Dentro del reducido margen de maniobra que le da la más escueta de las mayorías (un solo escaño) y los limitados poderes autonómicos del Parlamento escocés, el primer ministro nacionalista, Alex Salmond, ha presentado un plan de gobierno que maximiza las diferencias con una Inglaterra cada vez más neoliberal y privatizada, en los terrenos básicos de la sanidad, la educación y el transporte, y refleja el espíritu colectivista del país frente a la ola de privatizaciones al sur de la frontera.

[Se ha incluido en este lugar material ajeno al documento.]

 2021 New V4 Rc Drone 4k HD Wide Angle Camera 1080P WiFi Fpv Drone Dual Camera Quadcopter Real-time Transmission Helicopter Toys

Salmond tiene atadas las manos en lo que se refiere a la independencia y el Gobierno central le niega el control de los recursos del petróleo del mar del norte.

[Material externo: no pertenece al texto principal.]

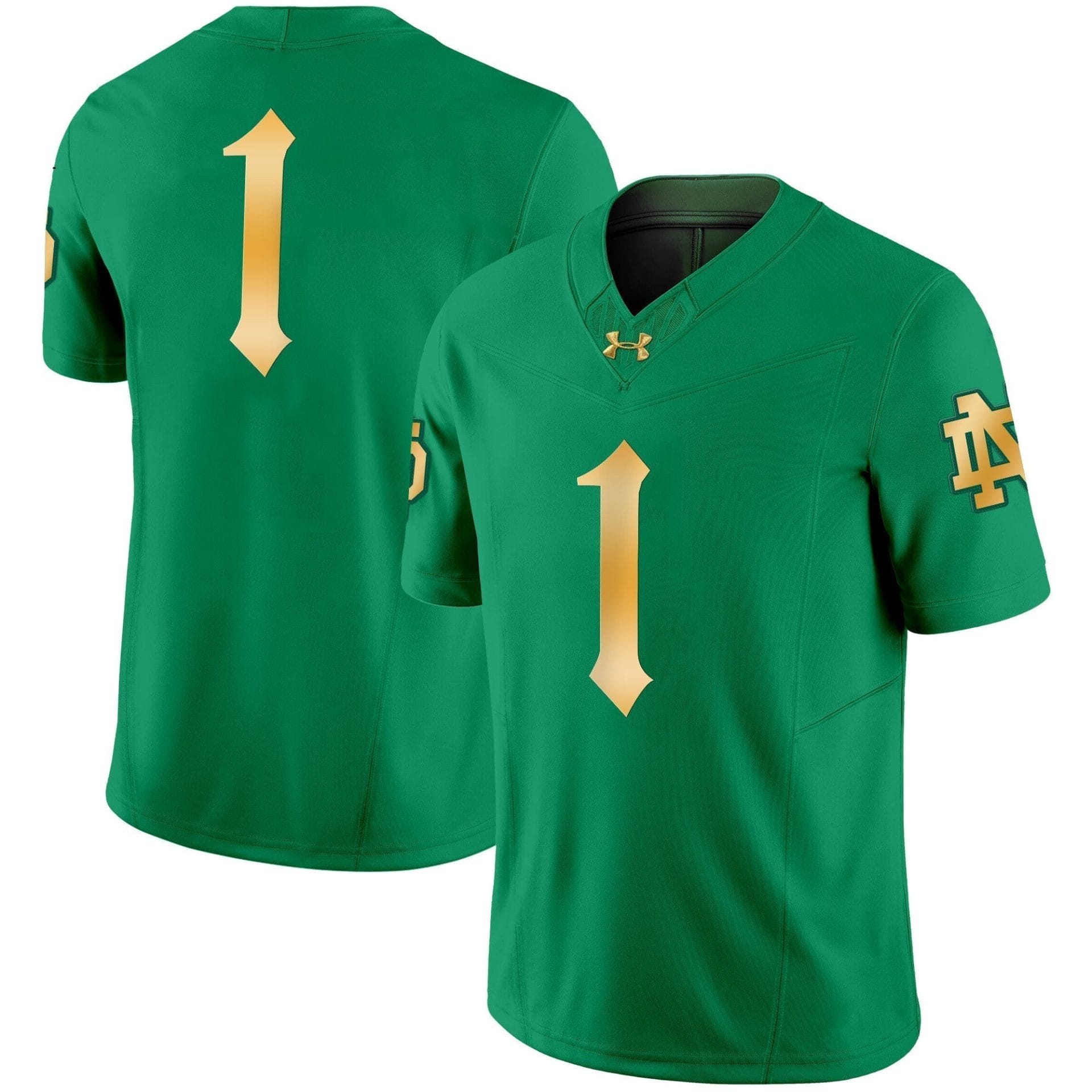 Notre Dame Fighting Irish Vapor Limited Jersey - All Stitched - Image 6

El new deal que Salmond ofreció ayer a los escoceses contempla medicinas gratis para los pacientes con enfermedades crónicas, matrículas universitarias gratuitas, supresión de los peajes en las autopistas, reducción de los impuestos corporativos, el aumento a 18 años de la edad mínima para comprar tabaco y la modernización del sistema judicial, dentro de un abanico de once leyes para las que necesitará el apoyo de por lo menos uno de los otros tres grandes partidos (Labour, liberal demócratas y conservadores).

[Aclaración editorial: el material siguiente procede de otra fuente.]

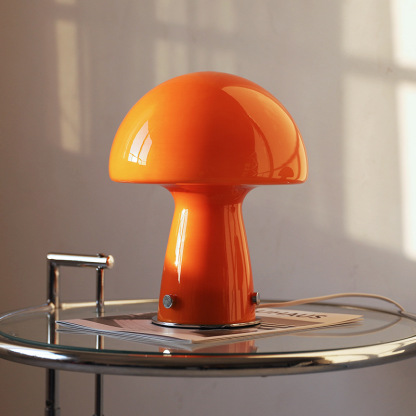 Vintage Bauhaus Mushroom Table Lamp-labpiecesign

"Alex Salmond es un político astuto donde los haya - dice el periodista Gareth Balshaw-, y su estrategia consiste en divide y vencerás, maximizar la rivalidad y las diferencias entre laboristas y tories para obtener apoyos puntuales que permitan sacar adelante la legislación". Es un auténtico roto, porque el Partido Nacionalista Escocés (SNP) gobierna al borde del abismo, susceptible a cualquier voto de confianza.

Las autoridades centrales no se lo van a poner fácil, a pesar de que el primer ministro británico Gordon Brown es escocés (quizás por ello pretende a veces ser más inglés que los ingleses, y demostrar que no regala nada a sus compatriotas). El Labour ha rechazado la solicitud de que el control de los recursos del petróleo y el gas del mar del Norte pasen directamente a Edimburgo.

"Semejante traspaso de competencias crearía incertidumbre en una industria que genera once millardos de libras esterlinas al año (unos diecisiete millardos de euros) y emplea a medio millón de trabajadores", ha dicho en Aberdeen el responsable de asuntos escoceses en el gobierno, David Cairos. La producción energética del país se halla en franco declive, y ha disminuido un trece por ciento respecto al año pasado, pero aun así la administración de esos recursos es una demanda tradicional de los nacionalistas.

Sin competencias fiscales, ni en política exterior, ni en defensa, la Administración independentista de Escocia no tiene más remedio que intentar marcar la diferencia en las cuestiones sociales y en la relación entre el Estado y los individuos. No puede determinar ni recaudar el impuesto sobre la renta, pero sí hacer gratis servicios por los que pagan cada vez más los ingleses (medicinas por prescripción facultativa, residencias de tercera edad, matrículas universitarias, comidas en los colegios, peajes en los puentes y carreteras, etcétera).

"Se trata de dibujar una sociedad más radical y dinámica, con una mayor participación ciudadana en la toma de decisiones sobre el futuro del país", proclamó Salmond al presentar su programa legislativo.

Cumplida la promesa de poner en marcha un referéndum sobre la independencia en el año 2010, los nacionalistas se concentran por ahora en imitar su admirado modelo irlandés, reduciendo los impuestos corporativos para atraer inversión extranjera y hacer de Escocia "el mejor país pequeño del mundo".